[The records — start]

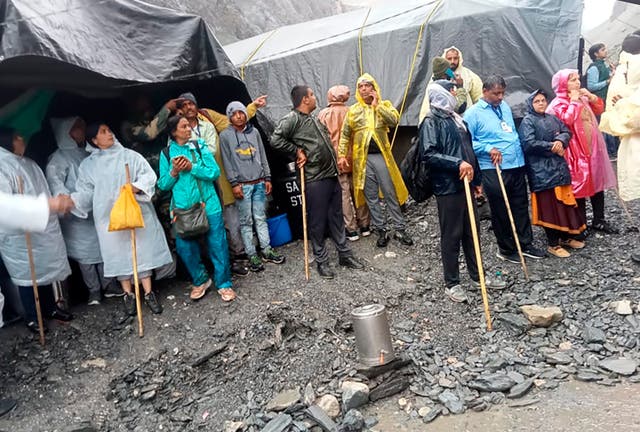 <p>Hindu devotees are seen stranded after a cloudburst near the base camp of the holy cave shrine of Amarnath in south of Kashmir Himalayas, in India, Friday, 8 July 2022</p>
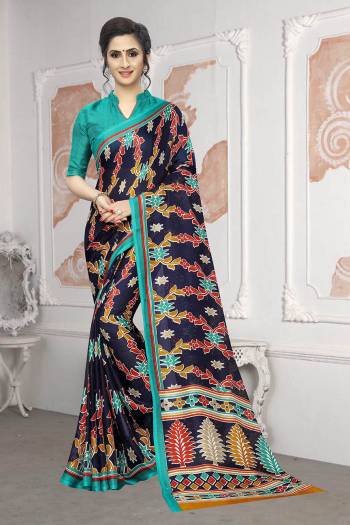 For Your Semi-Casual Wear, Grab This Lovely Printed Saree In Navy Blue Color. This Saree And Blouse Are Fabricated On Soft Cotton Which Is Light Weight, Soft Towards Skin And Easy To Carry All Day Long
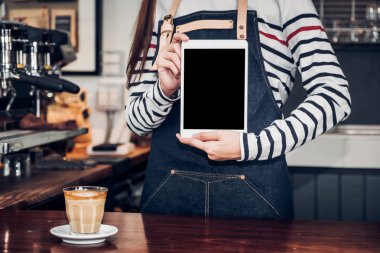 Asyalı kadın barista aşınma jean önlük gülümseme duygu, Cafe restoran hizmet kavramı, yukarıya aygıt ekran metni küçük business.mock sahibi olan sayaç bar müşteri için boş ekran tablet holding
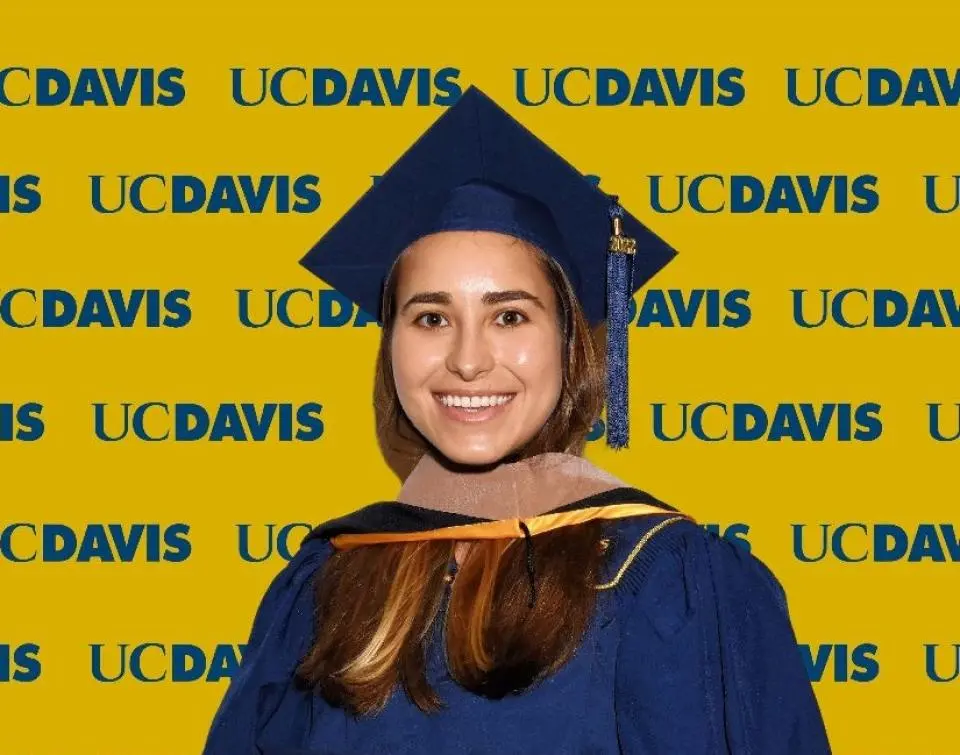 Maria Ahumada wearing a blue graduation cap and gown stands in front of a yellow UC Davis backdrop with repeated logos.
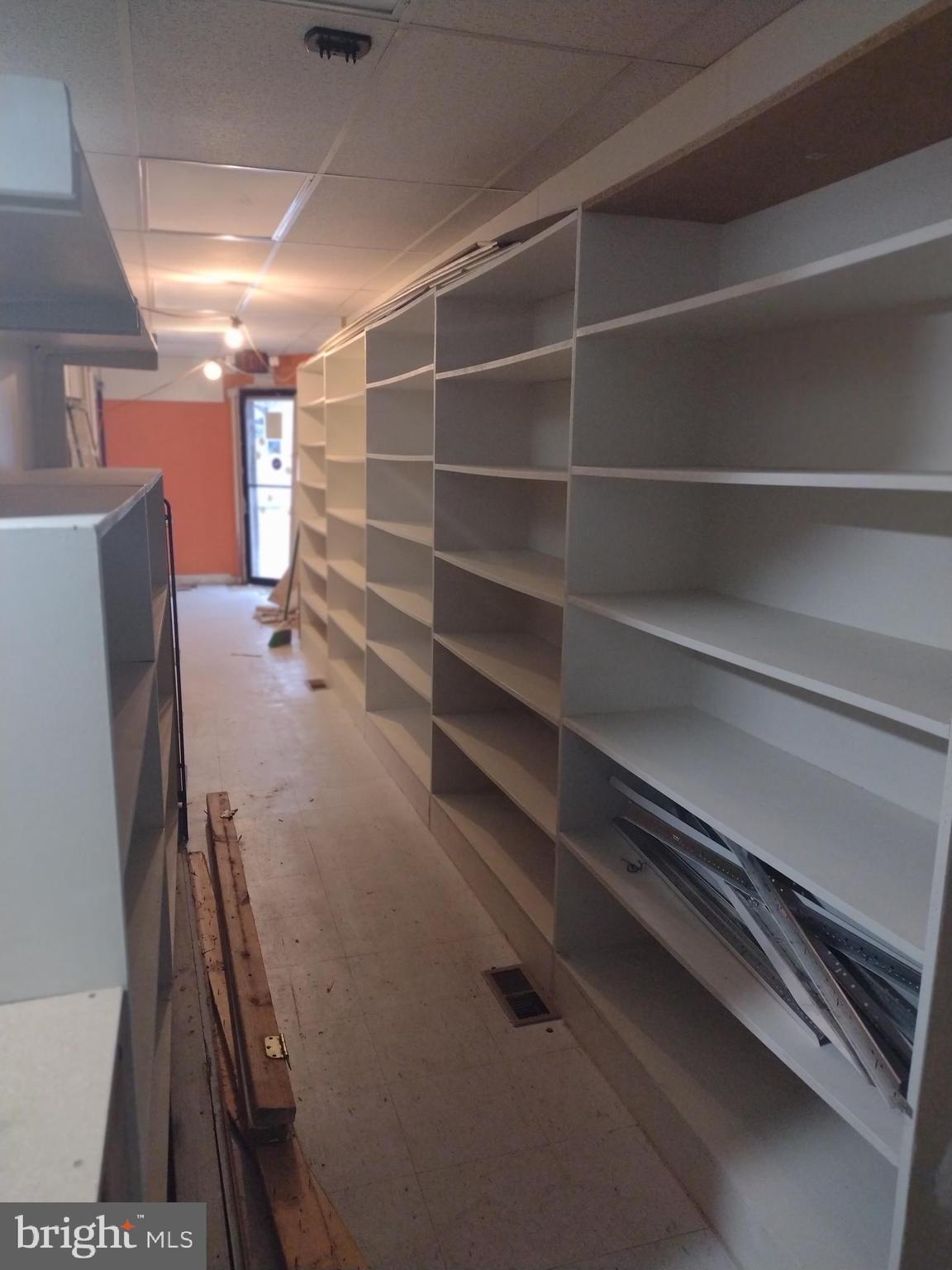 1801 West Pratt Street Baltimore, MD 21223 - Photo 6 of 11 a view of walk in closet with clothes and shoes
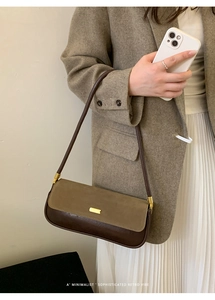Detail shot of a retro minimalist two-tone leather shoulder bag in brown and khaki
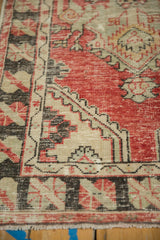 Decorative worn texture on a vintage Oushak rug with a serrated border in red and charcoal.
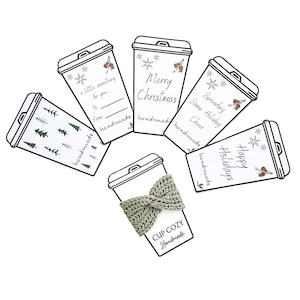 May include: A collection of white paper cup-shaped gift tags with black outlines. The tags feature holiday-themed text like "Merry Christmas" and "Happy Holidays", along with snowflake and pinecone illustrations. One tag has a knitted cup cozy.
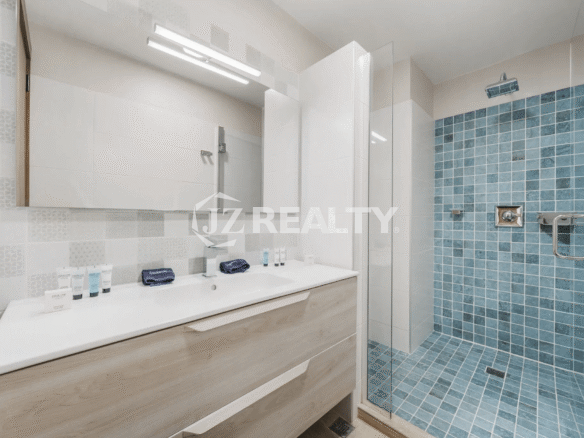 Contemporary bathroom in Porta al Sole Unit 12 with a light wood vanity, dual sinks, large mirror, and a spacious walk-in shower with blue mosaic tile and glass enclosure.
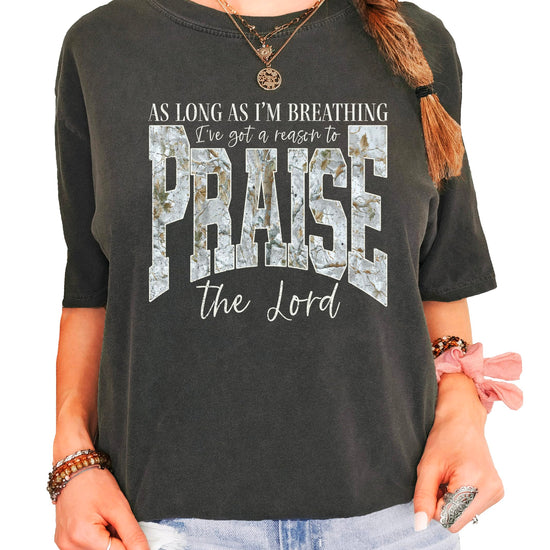 Full front view of women's blue Christian Easter shirt displaying inspirational praise the Lord message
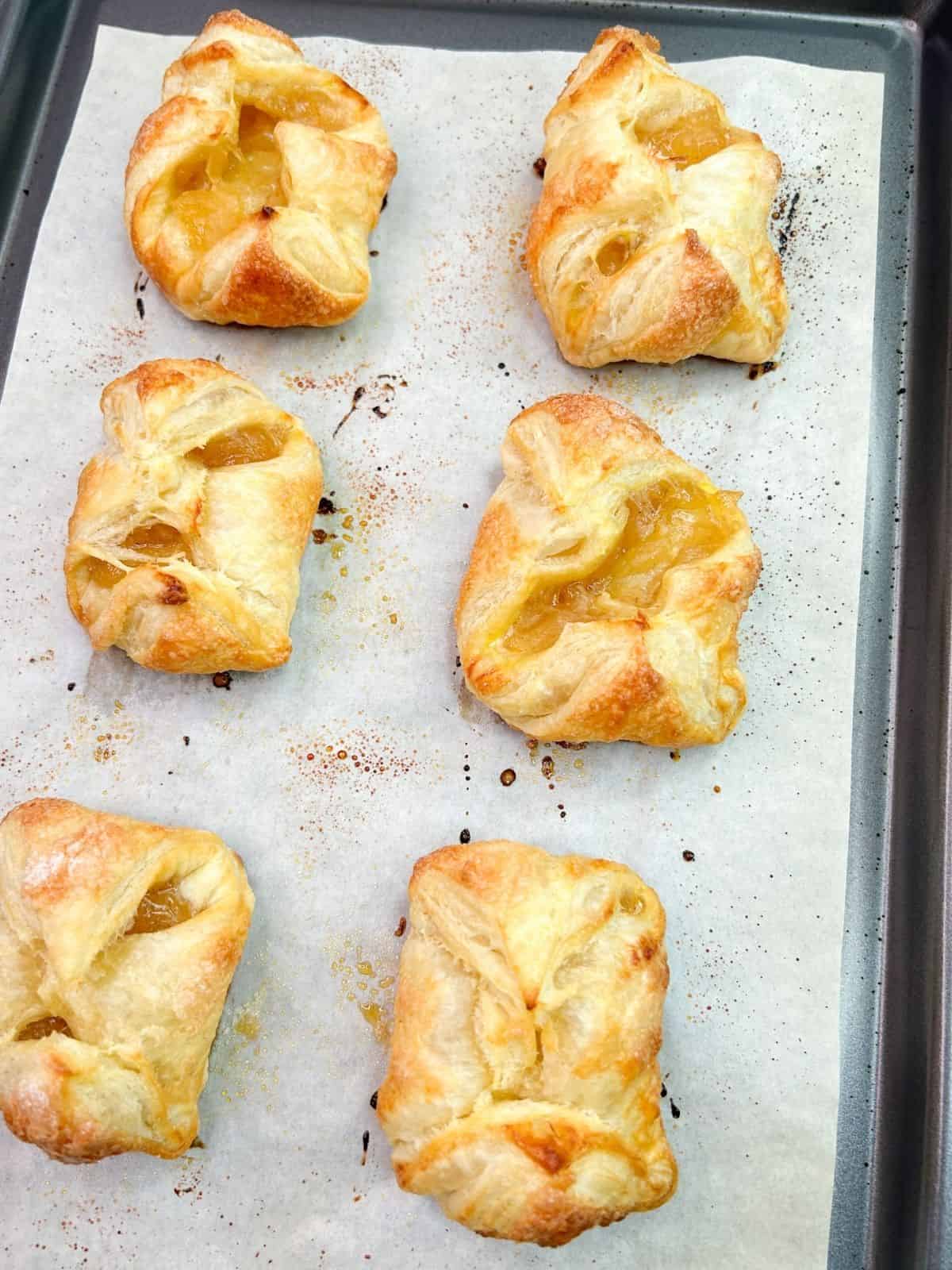 baked apple danishes on a parchment line baking tray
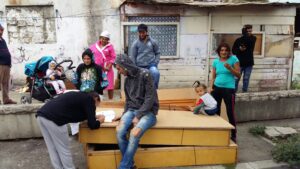 A group of people standing around on top of a wooden bench.
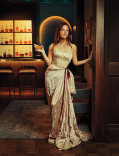 Abby Elliott wearing a cream-colored gown in the Emmy Photo Studio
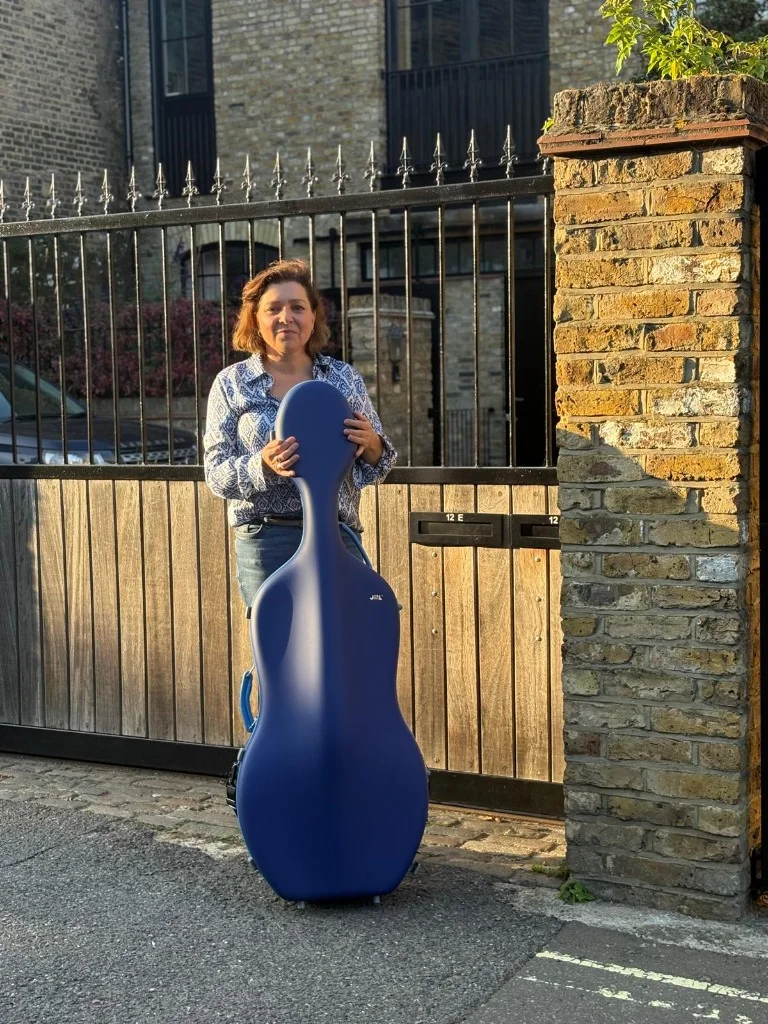 Josephine Knight, Global Collaborating Artist for JML, with her navy blue cello case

[The records — finish]

Goal of the exercise:
All the lines above need to be repeated exactly, with no pictures carried over.

Answer to the exercise:
 <p>Hindu devotees are seen stranded after a cloudburst near the base camp of the holy cave shrine of Amarnath in south of Kashmir Himalayas, in India, Friday, 8 July 2022</p>
 For Your Semi-Casual Wear, Grab This Lovely Printed Saree In Navy Blue Color. This Saree And Blouse Are Fabricated On Soft Cotton Which Is Light Weight, Soft Towards Skin And Easy To Carry All Day Long
 Asyalı kadın barista aşınma jean önlük gülümseme duygu, Cafe restoran hizmet kavramı, yukarıya aygıt ekran metni küçük business.mock sahibi olan sayaç bar müşteri için boş ekran tablet holding
 Maria Ahumada wearing a blue graduation cap and gown stands in front of a yellow UC Davis backdrop with repeated logos.
 1801 West Pratt Street Baltimore, MD 21223 - Photo 6 of 11 a view of walk in closet with clothes and shoes
Detail shot of a retro minimalist two-tone leather shoulder bag in brown and khaki
 Decorative worn texture on a vintage Oushak rug with a serrated border in red and charcoal.
 May include: A collection of white paper cup-shaped gift tags with black outlines. The tags feature holiday-themed text like "Merry Christmas" and "Happy Holidays", along with snowflake and pinecone illustrations. One tag has a knitted cup cozy.
 Contemporary bathroom in Porta al Sole Unit 12 with a light wood vanity, dual sinks, large mirror, and a spacious walk-in shower with blue mosaic tile and glass enclosure.
 Full front view of women's blue Christian Easter shirt displaying inspirational praise the Lord message
 baked apple danishes on a parchment line baking tray
 A group of people standing around on top of a wooden bench.
 Abby Elliott wearing a cream-colored gown in the Emmy Photo Studio
 Josephine Knight, Global Collaborating Artist for JML, with her navy blue cello case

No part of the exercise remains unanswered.